Below are entities in GAE Go. My code needs to scan through Person entities frequently. It needs to limit its scan to Person entity that has at least 1 reporting person. 2 approaches I see.

  • Define index on reportingIds and Query by specifying filters.
  • Create/Update PersonWithReporters entity when ever a Person gets a new reporting person.
In the second case, my code needs to iterate through all the entities in PersonWithReporters and need not construct any index/query. I can iterate using Key which is always guaranteed to have the latest data. Not sure which approach is beneficial considering datastore operation counts against quota limit.
type Person struct {
    Id string //unique person id
    //many other personal details, his personal settings etc
    reportingIds []string //ids of the Person this guy manages
}

type PersonWithReporters struct {
   Id string //Person managing reportees
   reportingIds []string //ids of the Person this guy manages
}
2

2 Answers

1
votes

A approach with a separate entity gives you two advantages.

  1. As you have already mentioned, you don't need to index/query all Person entities.

  2. Every time a Person gets a new reporting person, you will create a new entity, which may be significantly cheaper than updating a Person entity which has many other properties, some of which, presumably, are indexed.

Your approach with a separate entity is also not ideal. When you index a property with multiple values, under the hood the Datastore creates an index entry for each value. So, when you add reporting person number 3 to this entity, you have to update 3 index entries instead of 1.

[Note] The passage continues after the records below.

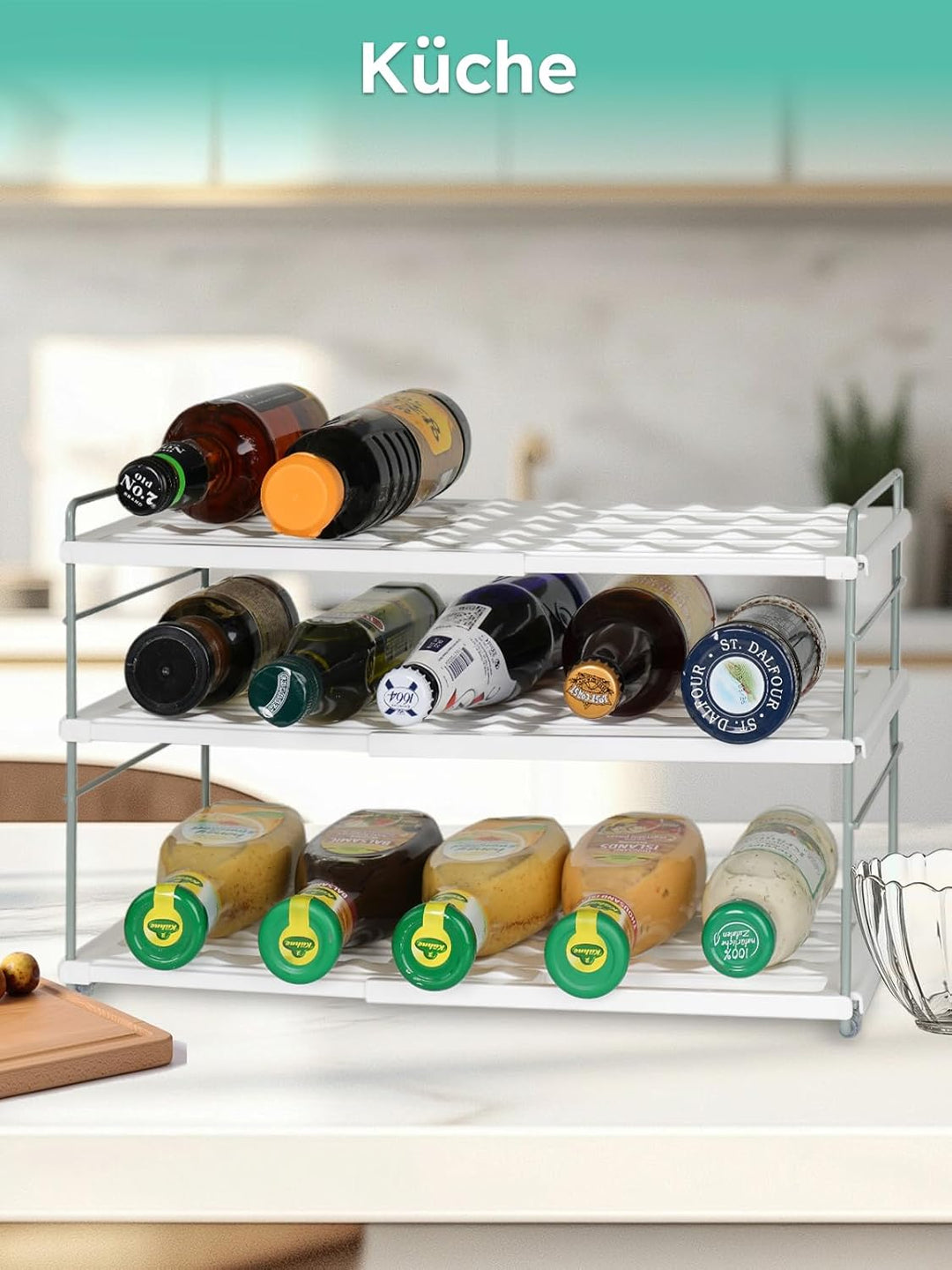 JUPELI Flaschen Organizer verstellbar – Flaschenhalter & Flaschenregal für Wasserflaschen, Thermosfl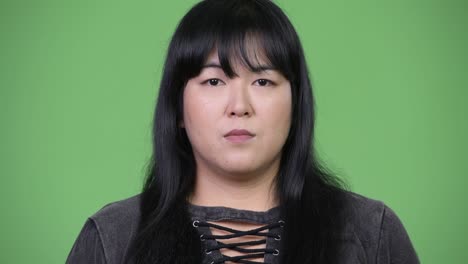 head shot of beautiful overweight asian woman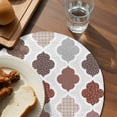 thumbnail image 3 of Moroccan Geometric Round 15 Inch Placemats Set of 6, Vintage Boho Rhombic Pattern Red Gray HeatResistant Non Slip Place Mats for Dining Table, Wipeable Braided Kitchen Table Mats for Housewarming, 3 of 9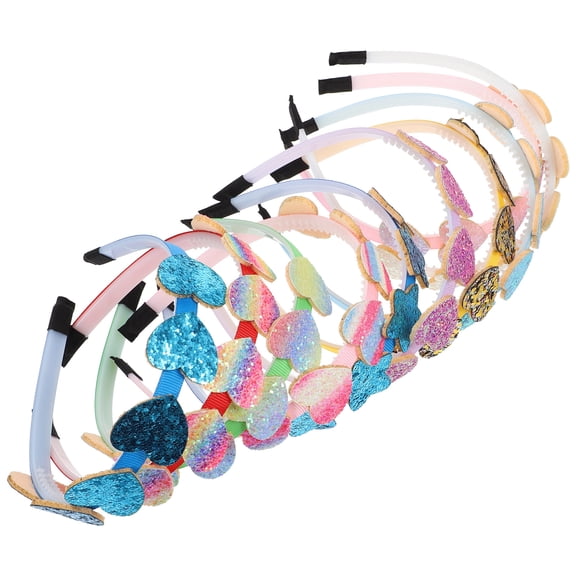 LOLIPPYY Assorted Color Kids Heart Shape Cloth Hairbands for Decor Lightweight and Comfortable 10PCS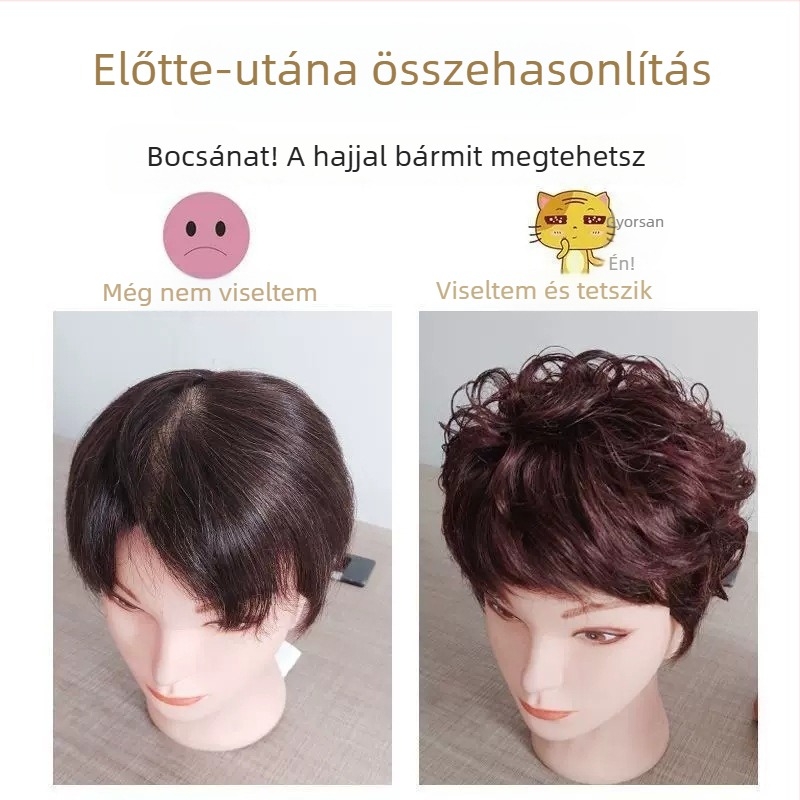Női volumentartó paróka – magas hőmérsékletű szálak, festés hő nélkül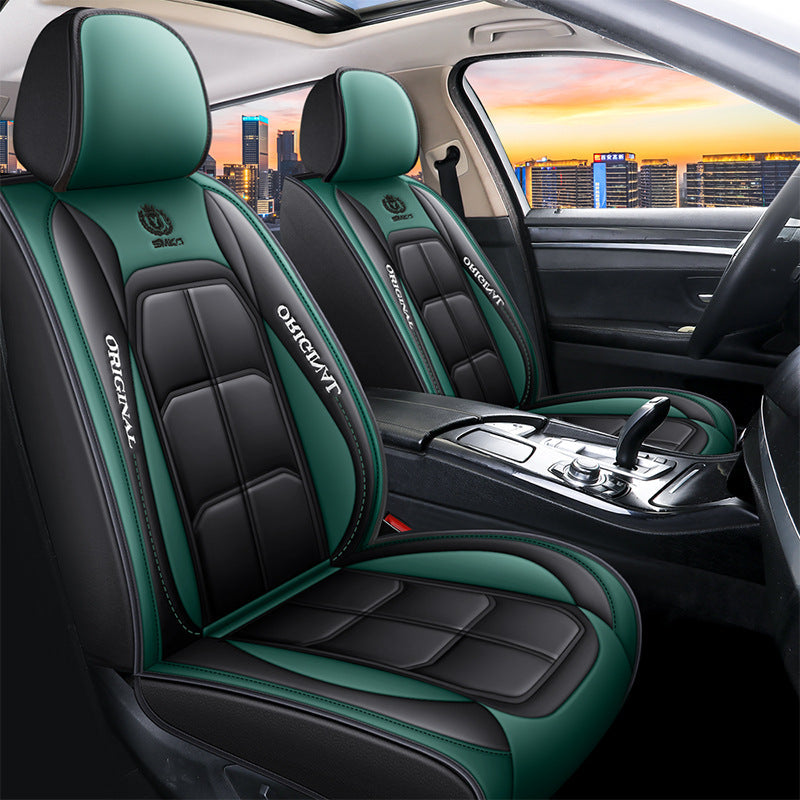 Faux leather car seat cover set for 5-seater, includes front and rear cushions, premium quality by dealonlinenz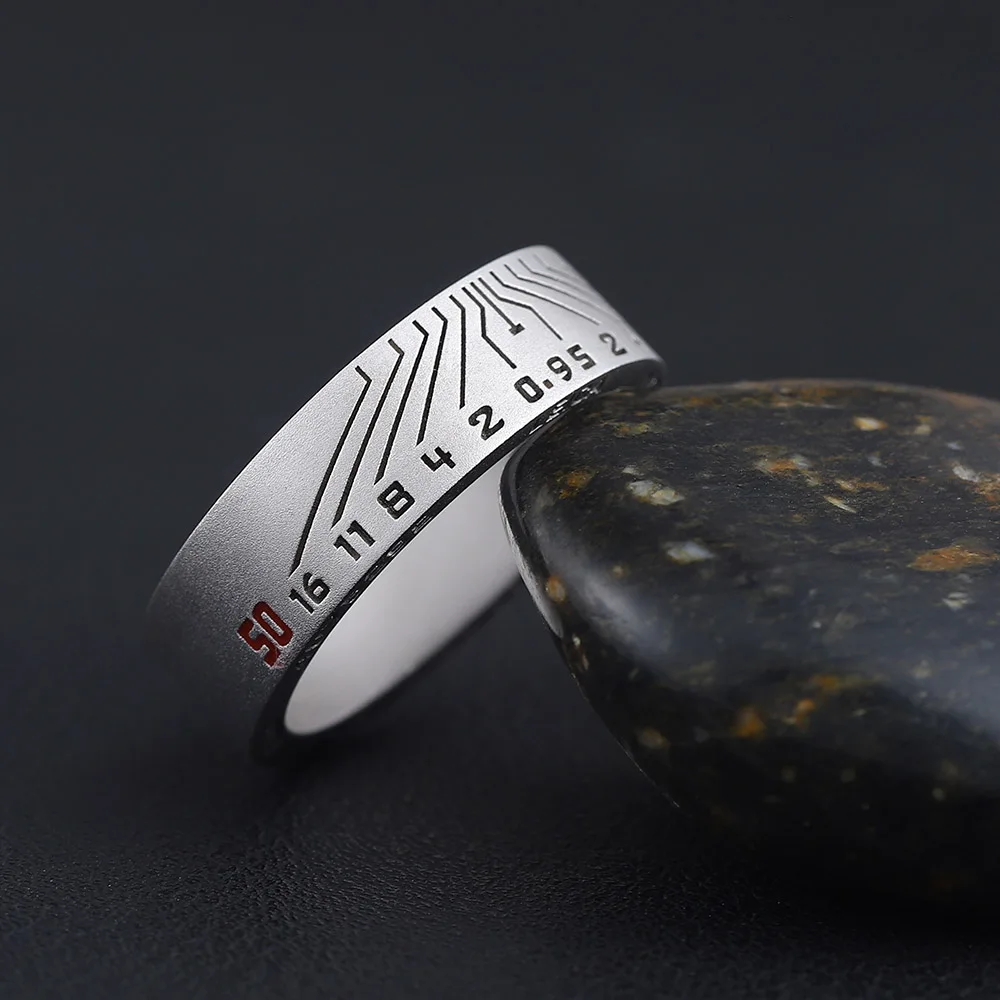 

Custom Shutterbug Camera Lens Photographer Shutterbug E60 Sand Finish Sterling Silver Ring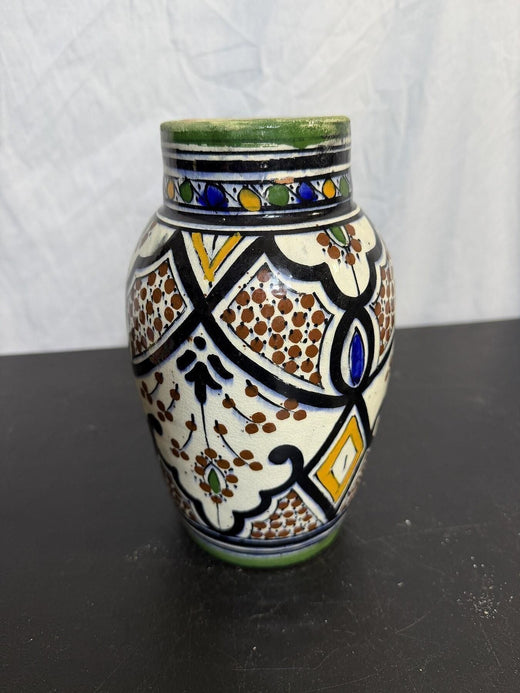 Vintage Hand-Painted Ceramic Pottery Vase Geometric Floral Decor - Wormhole Thrift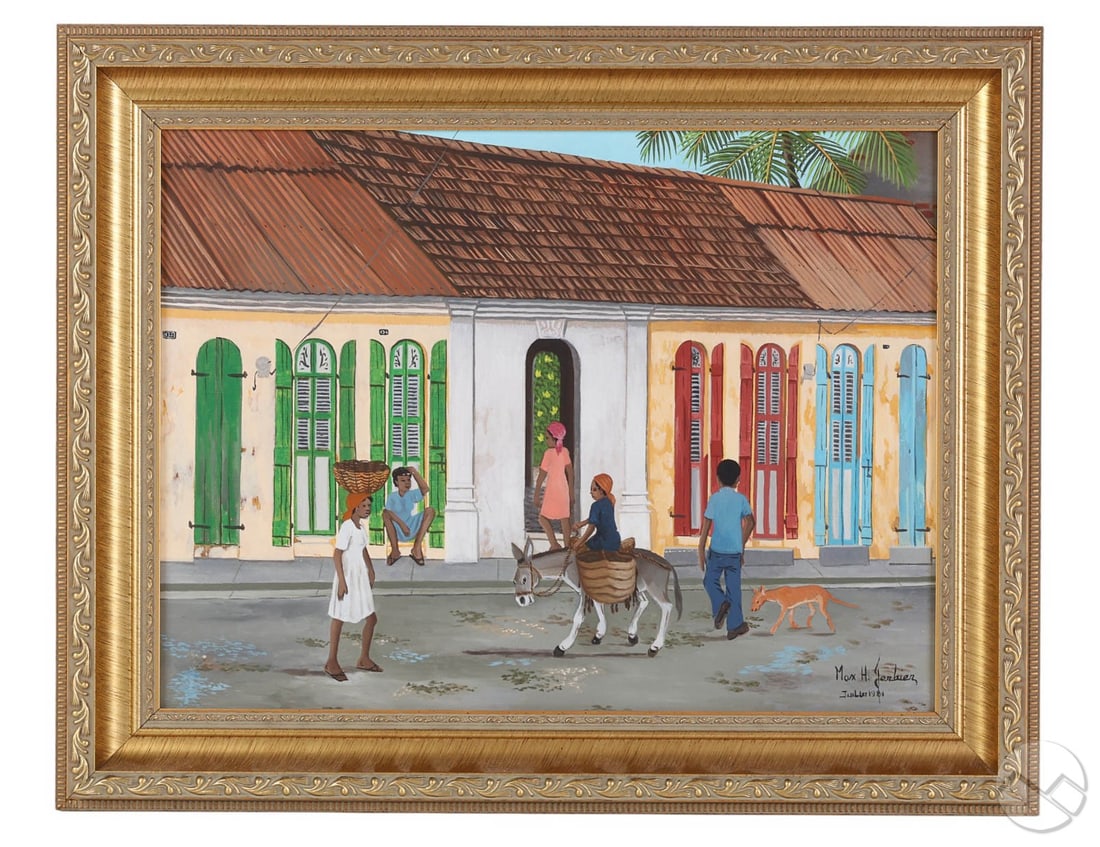 Max H Gerbier b.1951 Haitian Street Scene Painting: Max H. Gerbier (Haitian, born 1951), street scene painting on board depicting daily life in a village with shuttered colonial-style buildings, figures engaged in conversation, a donkey, and a dog in t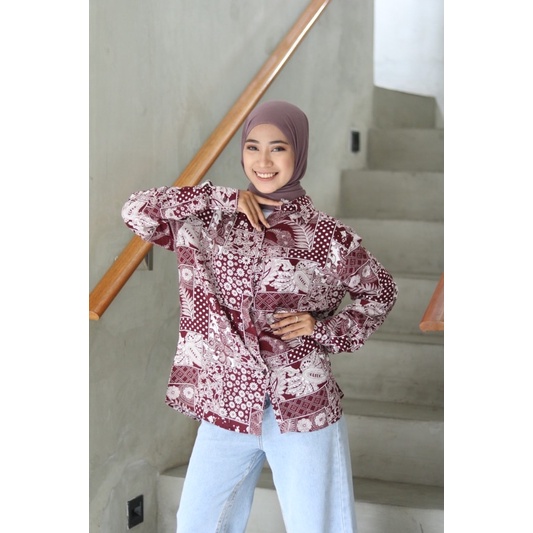 Kemeja Wanita / Kemeja Wanita Motif Oversize /Clody Pattern Maroon / Jumbo Murah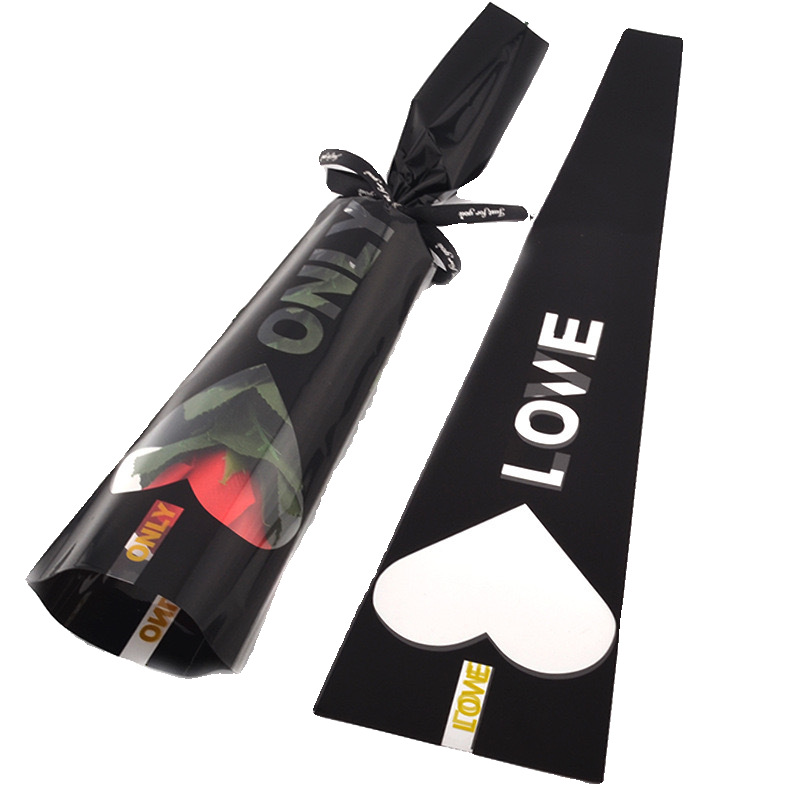 Bolsa triangular Bolsa de flores individuales Carnation Bolsa de rosas Bolsa de flores Ventana del corazón del día de San Valentín Bolsa de un solo ramo Bolsa de embalaje Amor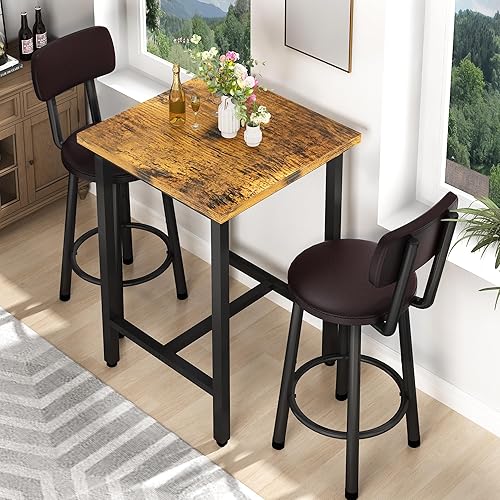 Miniatura 3 de Recaceik Juego de Comedor de Pub de 3 Piezas, Mesa de Bar Moderna y Taburetes para 2 Altura de Mostrador de Cocina Tapa de Madera Bistró Fácil de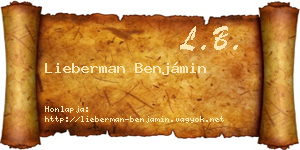 Lieberman Benjámin névjegykártya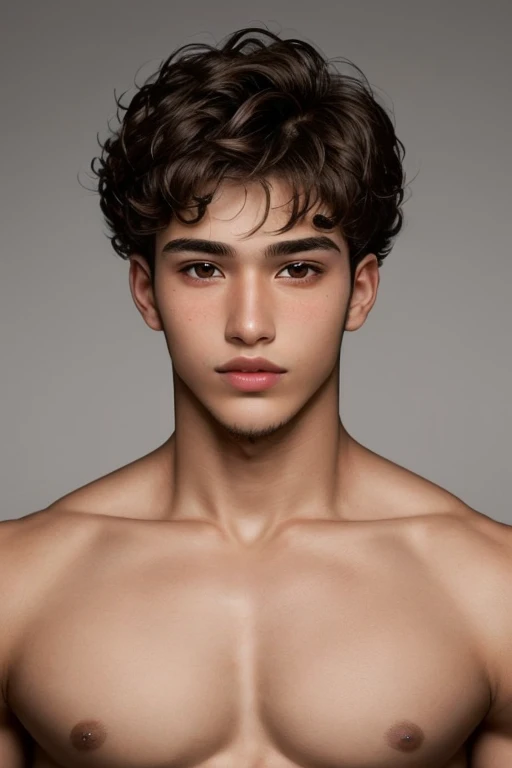 20 year old man, dark skinned , hair with brown curls to the middle of the neck, slightly almond brown eye, with sharp, thin nose and sharp jaw, thin and pink lips, his body is just a little muscular, with marked collarbones. Very manly facial features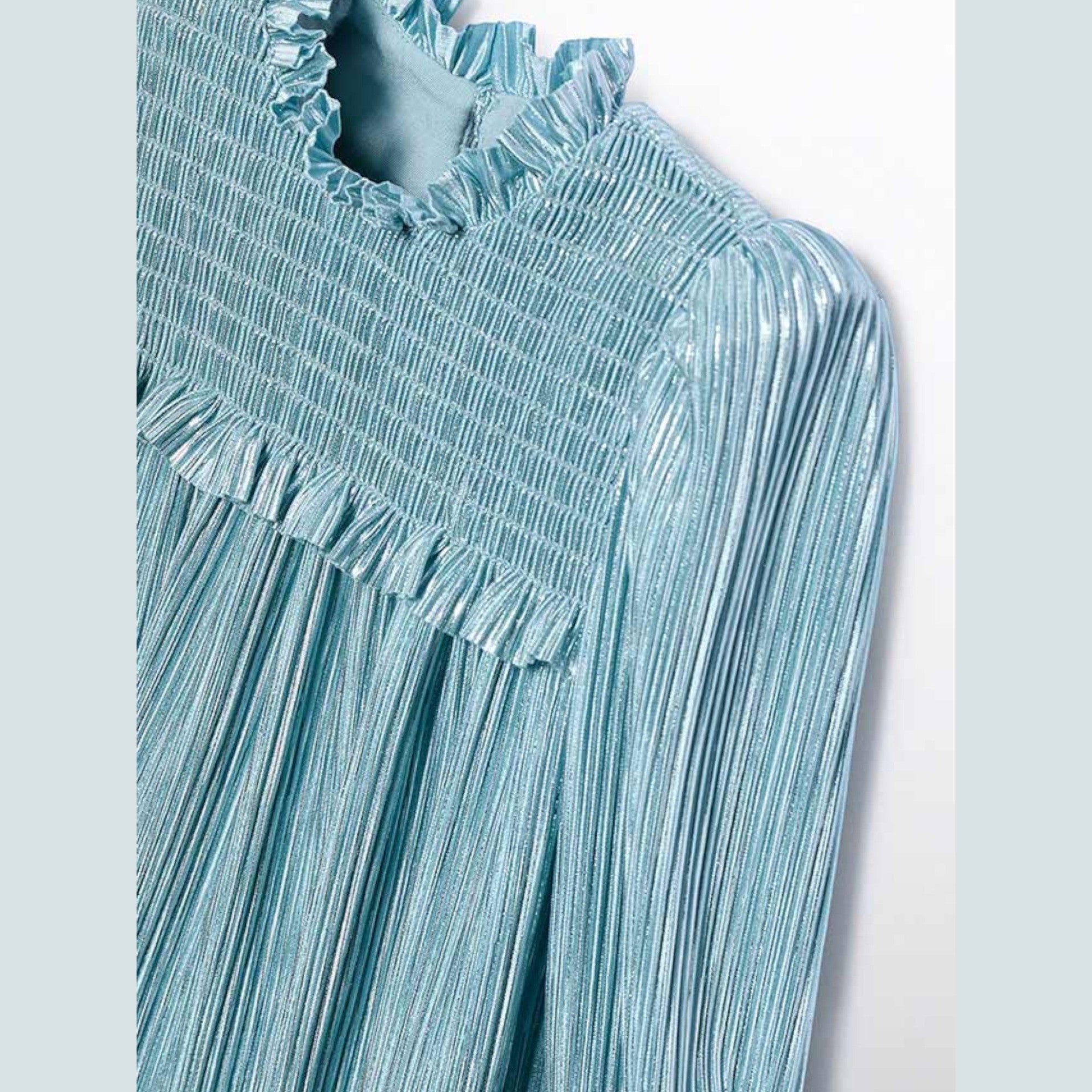 Abito plissato Bimba Verde 5510/9 -  NANU' BABY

You can optimize your data model even further by creating a Reporter entity with no properties! Every time a new reporting person is added, you create this Reporter entity with ID set to the ID of a reporting person, and make it a child entity of a Person entity representing a person to whom this reporter reports.

Now, when you need to iterate through all persons with someone reporting to them, you run a simple query on this Reporter entity - no filters. This query can be set to keys-only (there is nothing than a key in this entity anyway, but keys-only queries are treated differently - they are basically free).

For every entity returned by this query you retrieve its key, and this key contains an ID (which is an ID of a reporting person), and a parent key, which includes an ID of a person who this reporter reports to.

1
votes

Unless AppEngine's datastore in Go is very different to how it works in Java or Python you cannot index an array natively - So option 1 is out of the question, and so is option 2.

I suggest option three, which is to define a

type PersonWithReporters {
    Id string // concatenate(managing_Person_id, separator, reporter_Person_id) to avoid id collisions
    reportingId string; // indexed
    managingId string; // probably indexed as well
}

You would create multiple of these entities instead of a single entity with an array. Also you add an index on reportingId. Now you can create a filter query on this entity and should be able to retrieve the desired information.

I would worry more about performance and not too much about the quota limits, they are pretty high. Just implement it, see how it works and whether quota is your main concern here.